Ela notou a diferença passear pelos traços masculinos, a serenidade de antes abrindo fuga. Até mesmo a decepção passou pelos olhos castanhos, tao castanhos quantos os seus.
— As dores cessaram? – Perguntou formal
— Mais ou menos. Mas se parecem com cólicas normais de menstruação –
— Sangramento? –
— Normais também –
— Ok, levante um pouco a blusa –
Ela fez o obedecido e os dedos cálidos passearam por ali, pelo baixo ventre. E ele comprovou que as dores da Beraldini não eram de fatos absurdas.

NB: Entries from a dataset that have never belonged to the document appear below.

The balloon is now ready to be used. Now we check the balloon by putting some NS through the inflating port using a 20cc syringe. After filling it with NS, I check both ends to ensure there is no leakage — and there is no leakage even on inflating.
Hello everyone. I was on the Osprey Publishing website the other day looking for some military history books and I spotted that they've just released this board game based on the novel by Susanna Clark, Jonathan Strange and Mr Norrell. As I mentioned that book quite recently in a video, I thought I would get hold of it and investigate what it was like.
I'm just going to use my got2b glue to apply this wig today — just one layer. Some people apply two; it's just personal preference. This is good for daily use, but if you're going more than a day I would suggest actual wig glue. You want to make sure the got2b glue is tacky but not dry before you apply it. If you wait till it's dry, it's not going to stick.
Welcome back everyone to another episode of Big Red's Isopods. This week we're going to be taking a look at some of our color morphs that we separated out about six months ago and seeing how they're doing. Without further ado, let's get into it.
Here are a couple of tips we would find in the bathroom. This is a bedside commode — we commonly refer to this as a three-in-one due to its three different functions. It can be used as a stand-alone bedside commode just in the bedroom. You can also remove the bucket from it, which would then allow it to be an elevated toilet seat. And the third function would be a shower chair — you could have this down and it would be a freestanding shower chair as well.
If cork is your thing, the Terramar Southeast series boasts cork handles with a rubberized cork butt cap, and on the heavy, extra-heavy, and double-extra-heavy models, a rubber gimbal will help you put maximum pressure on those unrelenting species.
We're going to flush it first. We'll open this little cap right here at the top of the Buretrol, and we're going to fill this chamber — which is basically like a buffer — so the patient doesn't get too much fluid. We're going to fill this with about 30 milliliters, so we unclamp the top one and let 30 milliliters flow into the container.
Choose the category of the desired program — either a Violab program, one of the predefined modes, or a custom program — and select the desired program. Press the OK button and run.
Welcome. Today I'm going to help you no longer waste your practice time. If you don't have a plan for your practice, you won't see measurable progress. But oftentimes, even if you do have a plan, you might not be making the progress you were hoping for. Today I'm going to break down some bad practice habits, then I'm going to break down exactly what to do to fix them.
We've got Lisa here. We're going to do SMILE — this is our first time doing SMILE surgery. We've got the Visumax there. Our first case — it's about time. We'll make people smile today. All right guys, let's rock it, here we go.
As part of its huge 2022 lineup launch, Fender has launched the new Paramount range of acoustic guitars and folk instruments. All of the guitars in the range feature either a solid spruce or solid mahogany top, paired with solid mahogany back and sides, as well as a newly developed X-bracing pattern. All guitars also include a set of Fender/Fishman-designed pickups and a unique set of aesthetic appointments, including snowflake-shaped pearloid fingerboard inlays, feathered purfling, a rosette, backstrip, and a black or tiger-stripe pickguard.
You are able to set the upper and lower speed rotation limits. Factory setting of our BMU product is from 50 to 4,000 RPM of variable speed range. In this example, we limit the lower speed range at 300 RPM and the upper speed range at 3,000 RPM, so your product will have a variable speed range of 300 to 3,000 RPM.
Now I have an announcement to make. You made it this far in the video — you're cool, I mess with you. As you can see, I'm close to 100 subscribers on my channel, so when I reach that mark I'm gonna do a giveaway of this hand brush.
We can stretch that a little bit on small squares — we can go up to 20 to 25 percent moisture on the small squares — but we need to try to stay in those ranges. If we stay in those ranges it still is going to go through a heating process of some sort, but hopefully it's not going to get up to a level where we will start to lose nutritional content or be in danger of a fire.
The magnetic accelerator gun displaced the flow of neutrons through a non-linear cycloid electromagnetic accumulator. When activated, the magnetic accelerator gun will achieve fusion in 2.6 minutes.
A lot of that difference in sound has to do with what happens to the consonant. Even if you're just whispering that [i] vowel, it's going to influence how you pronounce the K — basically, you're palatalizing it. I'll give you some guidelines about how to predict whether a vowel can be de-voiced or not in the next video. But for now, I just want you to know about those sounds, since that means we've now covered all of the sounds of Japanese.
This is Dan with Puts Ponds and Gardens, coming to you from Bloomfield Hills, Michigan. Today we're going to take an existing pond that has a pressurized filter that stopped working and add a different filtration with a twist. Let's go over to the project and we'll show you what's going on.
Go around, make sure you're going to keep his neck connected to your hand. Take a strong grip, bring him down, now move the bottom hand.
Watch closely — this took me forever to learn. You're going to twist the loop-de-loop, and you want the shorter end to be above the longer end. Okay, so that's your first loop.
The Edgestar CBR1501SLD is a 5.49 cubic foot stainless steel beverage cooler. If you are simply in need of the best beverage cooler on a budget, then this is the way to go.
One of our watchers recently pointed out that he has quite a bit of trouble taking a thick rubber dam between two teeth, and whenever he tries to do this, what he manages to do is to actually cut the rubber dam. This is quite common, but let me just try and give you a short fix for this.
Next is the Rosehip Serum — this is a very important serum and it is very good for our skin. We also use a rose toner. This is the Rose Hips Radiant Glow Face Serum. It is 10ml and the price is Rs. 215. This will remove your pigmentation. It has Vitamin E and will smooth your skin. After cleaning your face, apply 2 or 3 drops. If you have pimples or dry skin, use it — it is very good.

— Você me parece bem, ao menos fisicamente. Use o que você toma normalmente pra cólica pra aliviar a dor. Se a dor agravar, ou ter um sangramento significativo, não hesite em procurar um hospital. Pode até me procurar, venho correndo – Ele até forçou um sorriso, fazendo com que ela deixasse escapar um também
— Mas.. – Ela sentiu que vinha um mas..
— Mas deve procurar um médico para fazer uma ultrassonografia. Mesmo que tudo lhe pareça bem.. É preciso saber se o aborto foi completo
Emília assentiu e Luis fez menção em se levantar, mas ela impediu segurando sua mão, o deixando surpreso
— Nunca, nunca quis, que se decepcionasse comigo – E as lágrimas pareciam querer cair de novo, mas só ameaçaram enchendo seus olhos d'água - É tão bonita a admiração que você tem pela sua advogada –
— Shiiiu .. – Ele ficou tocado pelas iris castanhas a lhe fitar, e que brilhavam pelas lágrimas acumuladas ali. Segurou canhota feminina, entre as suas mãos num afago – Verdade que nada vai justificar o que fez. E ainda vamos conversar sobre isso em outro momento. Mas até irredutivelmente errada como está agora, você é admirável – Ele chegou a sorrir, ainda pequeno. Independente do que realmente achava, ela não precisava saber agora – Sabe que Lucrécia morre de ciúmes de você? Quero dizer.. comigo?. Ela não diz, mas sei que sim. E sabe por que? Por que você é a filha que eu adoraria ter.... Tudo bem que se eu pudesse realmente escolher seria o Bernardo, mas.. – Graciosamente deu de ombros, rindo um pouco, conseguindo relaxa-la e até mesmo que ela risse em resposta
— Você e Bernado são especialistas em me fazer sorrir nas horas mais impróprias, só senhor mesmo – Ela sorriu, o carinho estampado nas iris que cintilavam.
— Vou levar isso como elogio – Ele ainda segurava a mão feminina, então a guiou até os lábios para um beijo singelo – Comporte-se, e obedeça minhas recomendações. Deixa eu ir porque tem uma senhora desesperada lá embaixo querendo ver você – E dessa vez Emília deixou que Luis se levantasse
— Vitória? – Ela perguntou surpresa
— Uhum – Ele assentiu. Então carinhosamente lhe beijou a testa antes de finalmente sair – Cuide-se, acima de tudo – Disse por fim.
Assim que fechou a porta, Luís apenas fechou os olhos, deixando que toda a tensão e tristeza se esvaísse num único suspiro. Apesar de parecer seguro com Emília, ele não tinha a minima noção do que faria. Era tão injusto com o bebezinho, com Bernardo. Ele se permitiu ficar ali, escorado na porta, tentando achar uma saída pra uma situação que não tinha solução. Só desceu a escadaria de encontro a Vitória quando se sentiu pronto.